Hi everyone,

I'm a bit stuck on the proof (page 103-4 in Kunen's Set theory and independence book) of the existence of a functional class G for any class A wellfounded relation R on A, and functional class F from A x V to V, which is set-like such that:

(*) forallx in A(G(x) = F(x, G|pred(x))

where pred(x) are the predecessors of x under R and in A.

So Kunen first wants to prove that for every x of A the set {x}Ucl(x) (cl(x) is the closure of x under R) admits of a function g with domain {x}Ucl(x) and such that:

(**) forall y in {x}Ucl(x)(g(x) = F(x, g|pred(x))

Now, his way of doing this is by induction.
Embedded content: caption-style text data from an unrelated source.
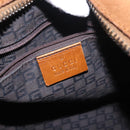 GUCCI Shoulder Bag Suede Brown Auth 151911-17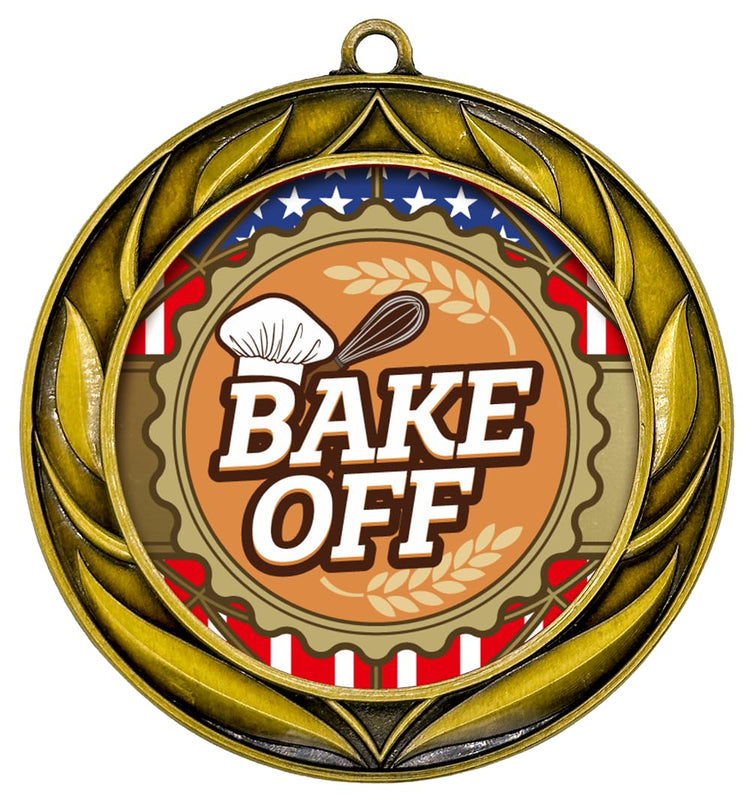 All Quality Wreath Design Bake Off Medal | Competition | High Quality Metal Medal - 1st, 2nd, 3rd Place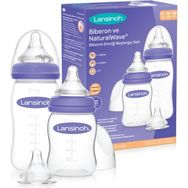 Lansinoh Hoşgeldin Bebek Biberon ve Naturalwave Biberon Emziği Başlangıç Seti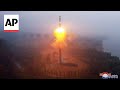 North Korea shows latest ICBM launch; experts say missile too big to use in war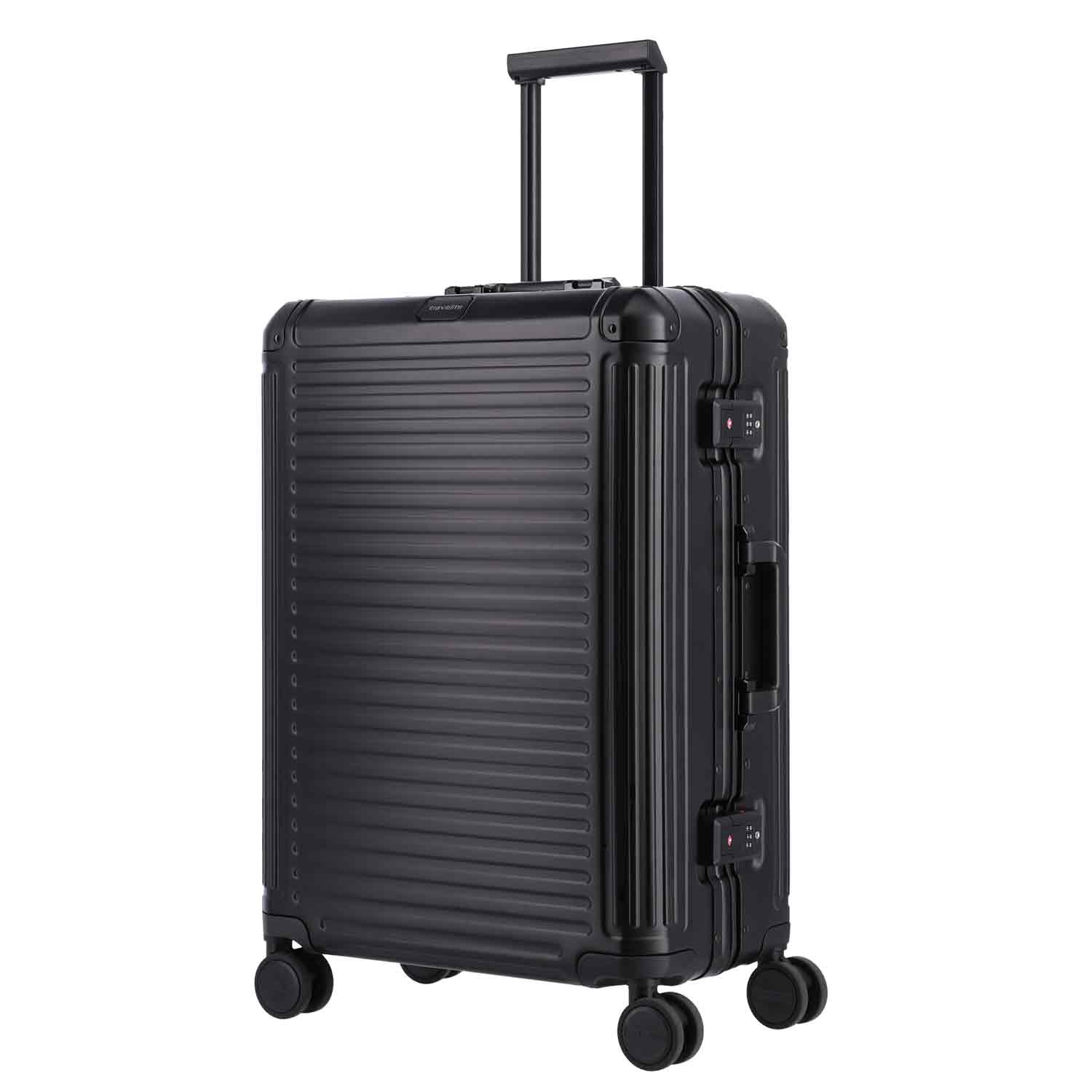 Travelite Aluminium Trolley 4 Rollen M NEXT schwarz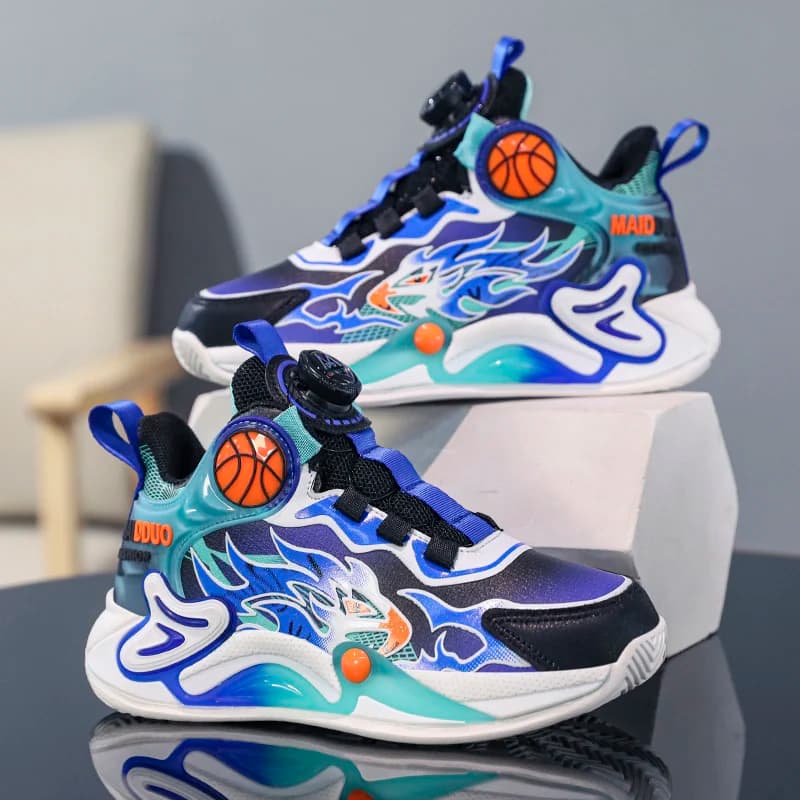 Low Cut Versatile Kids Running Breathable Mesh Upper Shock Absorbing Rubber Boys Girls Student Outdoor Casual Athletic Sneakers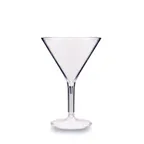 image of Turgla R-PRMMRT280CLR Martini Glass, 9 Oz Clear Polycarbonate Stemware, 4.5" Diameter x 6.5" Height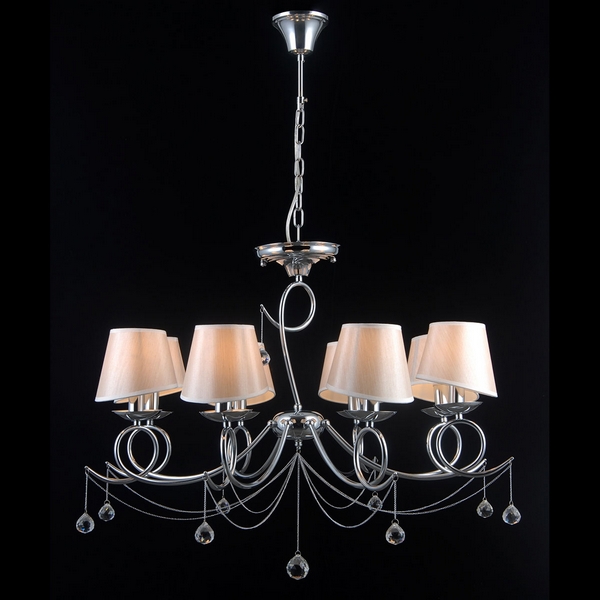 Люстра подвесная Natali Kovaltseva NOVELLA 75051/8C CHROME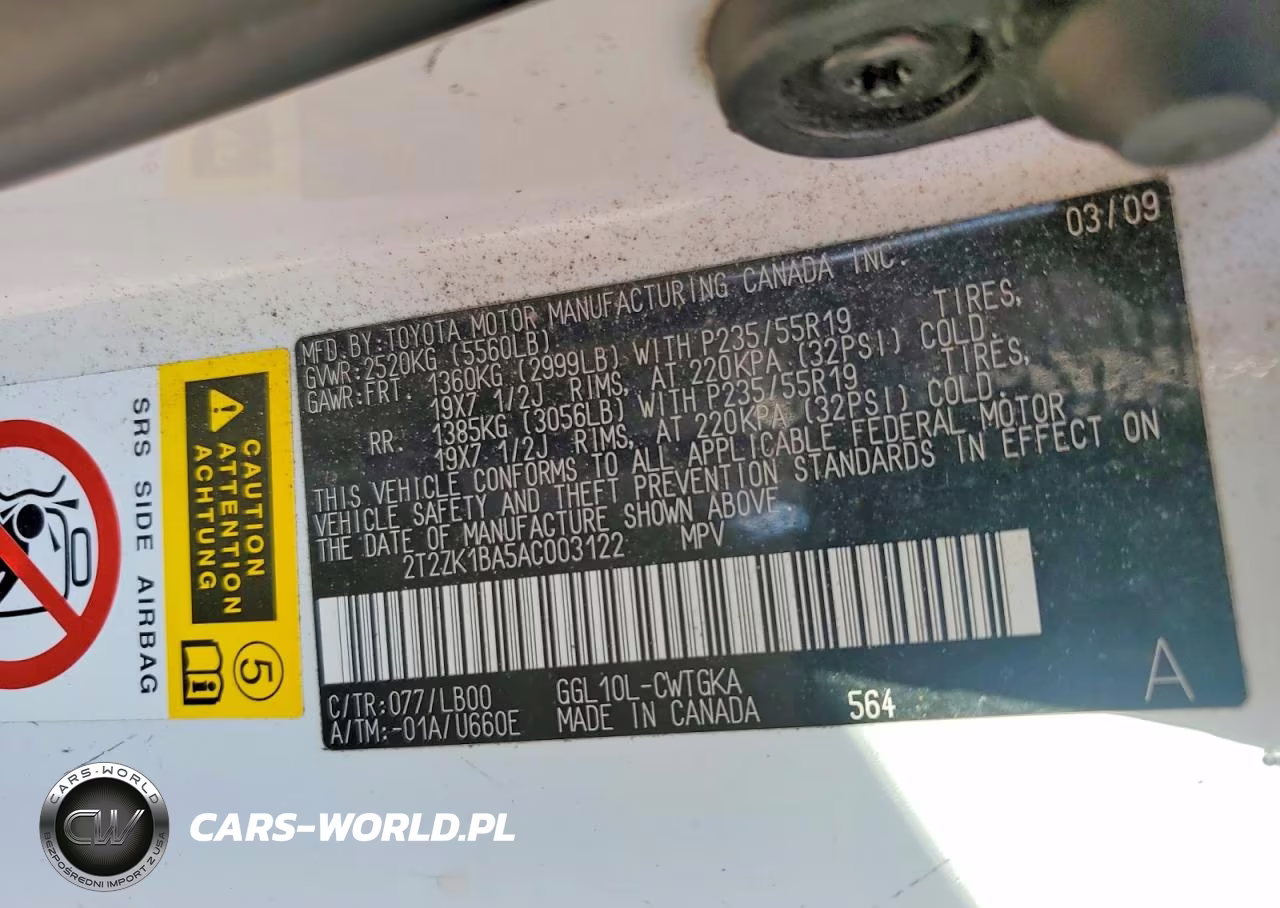 2010 Lexus Rx 350 VIN:2T2ZK1BA5AC003122 - 13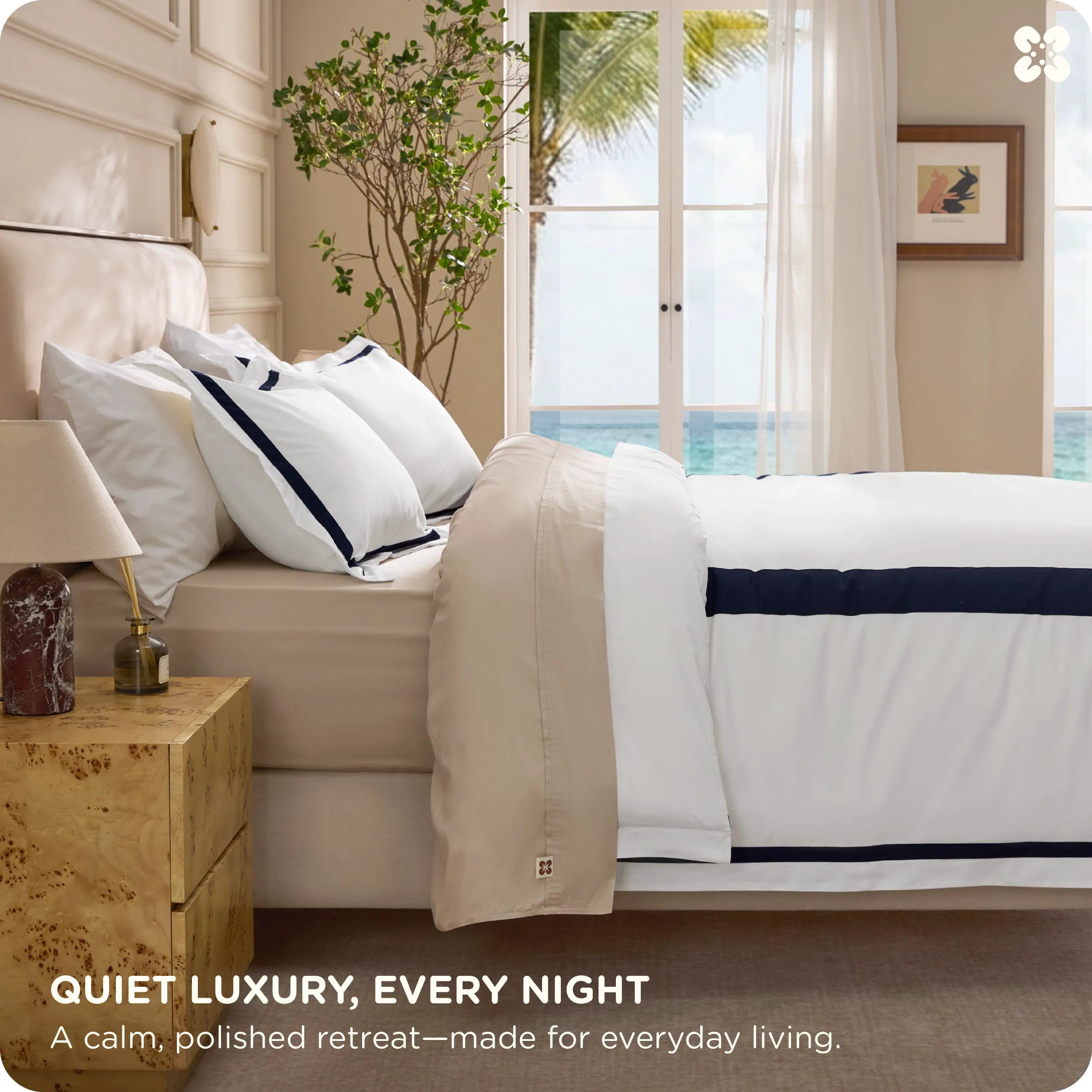 PureWoven™ Cotton Embroidered Hotel Duvet Cover Set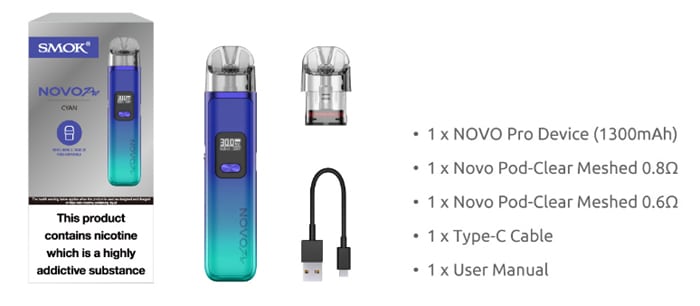 novo pro contents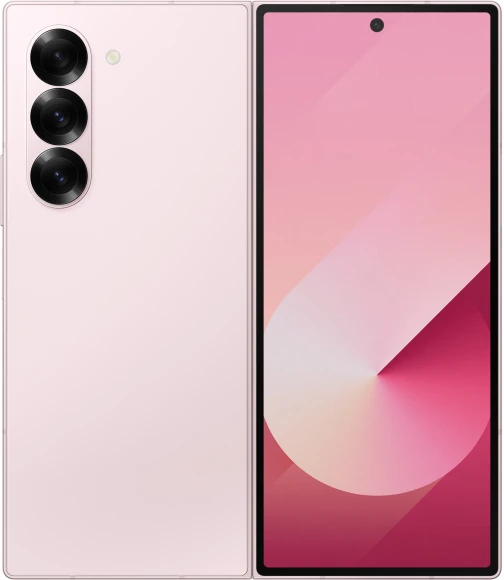 Смартфон Samsung SM-F956B Galaxy Z Fold 6 512Gb 12Gb розовый раскладной 3G 4G 2Sim 7.6" 1856x2160 Android 14 50Mpix 802.11 a/b/g/n/ac/ax NFC GPS GSM900/1800 GSM1900 Protect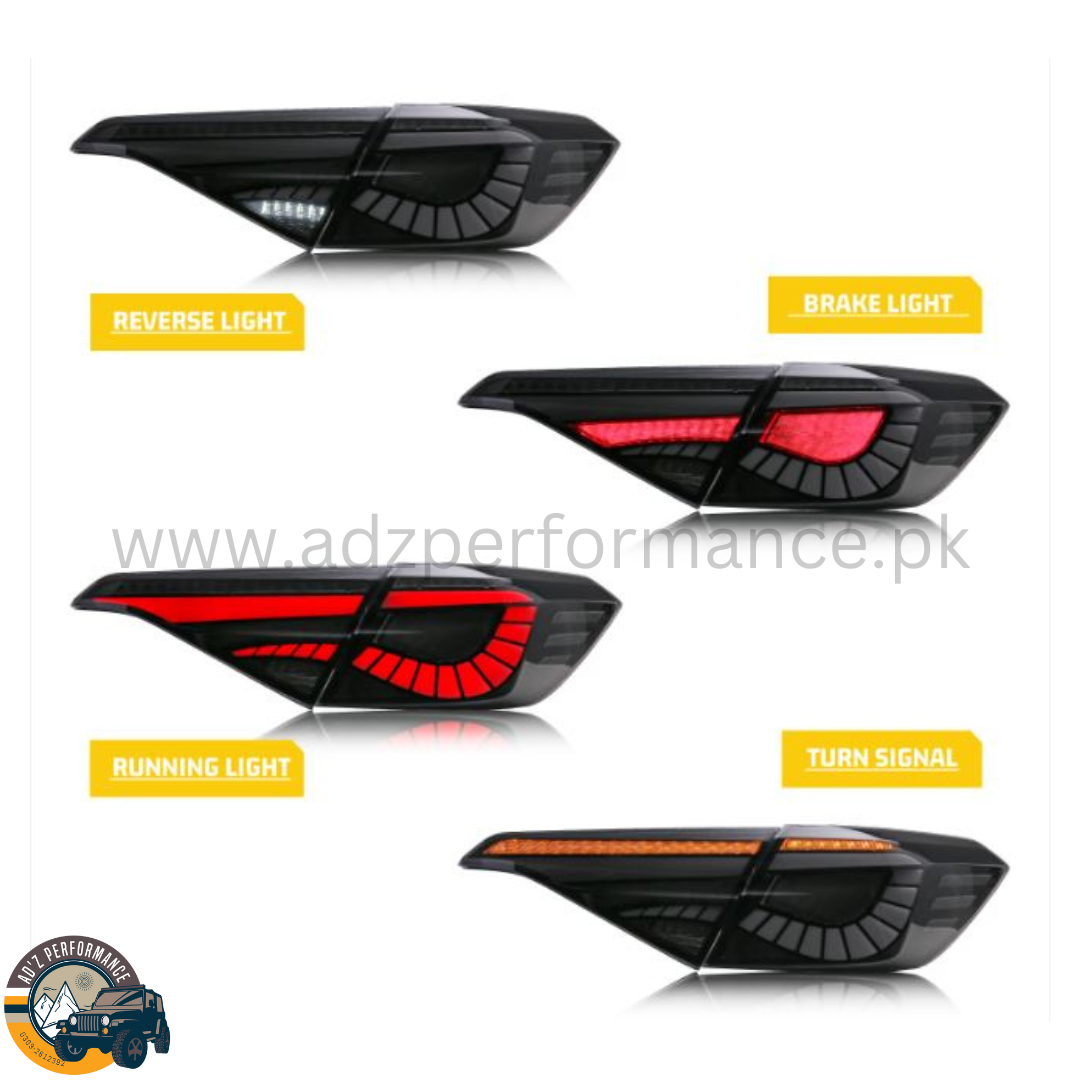 Rear Lamps Tail Lights Back Lights Smoke Snake Style Honda Civic 2023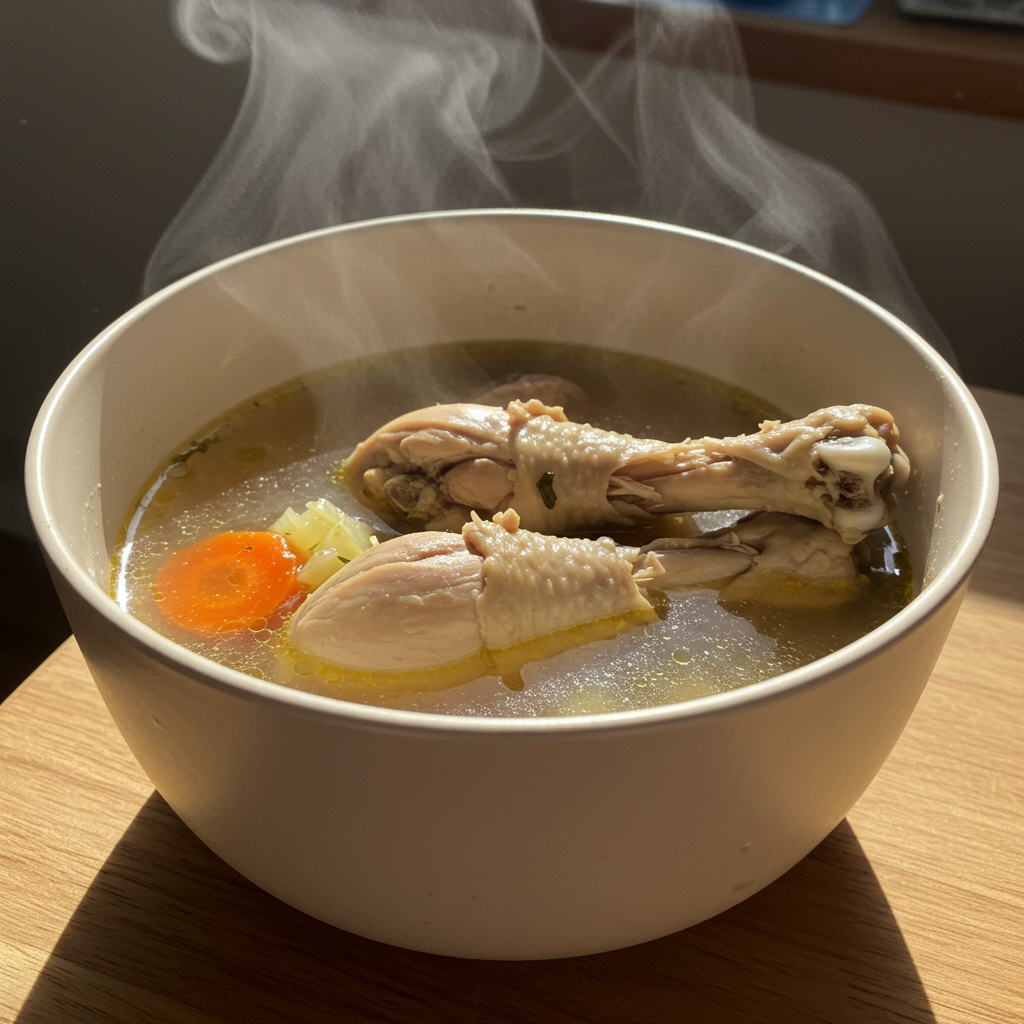Hearty Chicken Leg Soup Recipe – Comfort Food at Its Best 2 chicken leg soup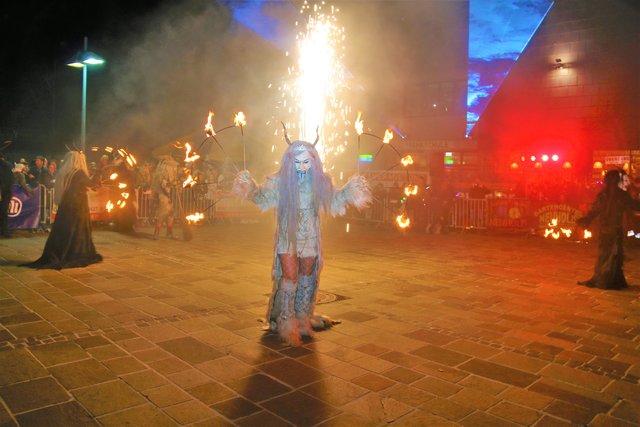 Feuershow von Abaddon-Pass in Hausmannstätten bei Graz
He assumes that for each predecessor of x there is such a function g and then takes the union of these functions h, and adds to that the pair <x, F(x, h)> to get an new function h'.

The claim is then that h' satisfies (**). One way to prove this is by showing that h is satisfies (**) on cl(x) and then to show that F(x, h) = F(x, h'|pred(x)). This in turn we could do if we could show that h'|pred(x) = h.

But in general it seems that ~(h = h'|pred(x)). The reason is that h has as a domain the closure of x whereas h'|pred(x) only has x's predecessors as its domain.

Any help in sorting this out would be really great.

Thanks

Sam